Louis Kronberg (1872–1965) was an American figure painter, art dealer, advisor, and teacher. Among his best-known works are Behind the Footlights (Pennsylvania Academy, Philadelphia) and The Pink Sash (Metropolitan Museum, New York).

Biography 
Kronberg was born in Boston on December 20, 1872. He studied at the Boston Museum School, under Edmund C. Tarbell and Frank Weston Benson, where he earned a Longfellow Traveling Scholarship. Kronberg also studied at the Art Students' League, New York, and at the Académie Julian (1894–1896) under Jean-Paul Laurens and Jean-Joseph Benjamin-Constant, and privately with Raphaël Collin.  In Paris, Kronberg became enamored with the works of Edgar Degas and proficiently painted ballet and Spanish dancers within theatre settings.

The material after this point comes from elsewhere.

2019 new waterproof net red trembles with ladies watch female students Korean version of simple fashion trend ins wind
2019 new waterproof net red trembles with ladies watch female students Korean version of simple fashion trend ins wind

Establishing himself in Boston, Kronberg was appointed instructor in the portrait class of Boston's Copley Society of Art. Kronberg was vastly supported by Boston's great art matron Isabella Stewart Gardner, and hence his work is represented in the Isabella Stewart Gardner Museum, as well as in the museums of Boston and Indianapolis. After Bernard Berenson, Kronberg frequently went to Paris to buy art for the Gardner Museum. He lived in Boston until 1919, when he moved to New York City. From 1921–1922 he painted in Algiers and Spain. Later, he lived in Palm Beach, and throughout his career he traveled back and forth to Paris.

Kronberg was an Associate of the American Academy of Arts and Sciences (1935). He was known for his philanthropic efforts and financed painter Arthur Clifton Goodwin's career for over fifteen years.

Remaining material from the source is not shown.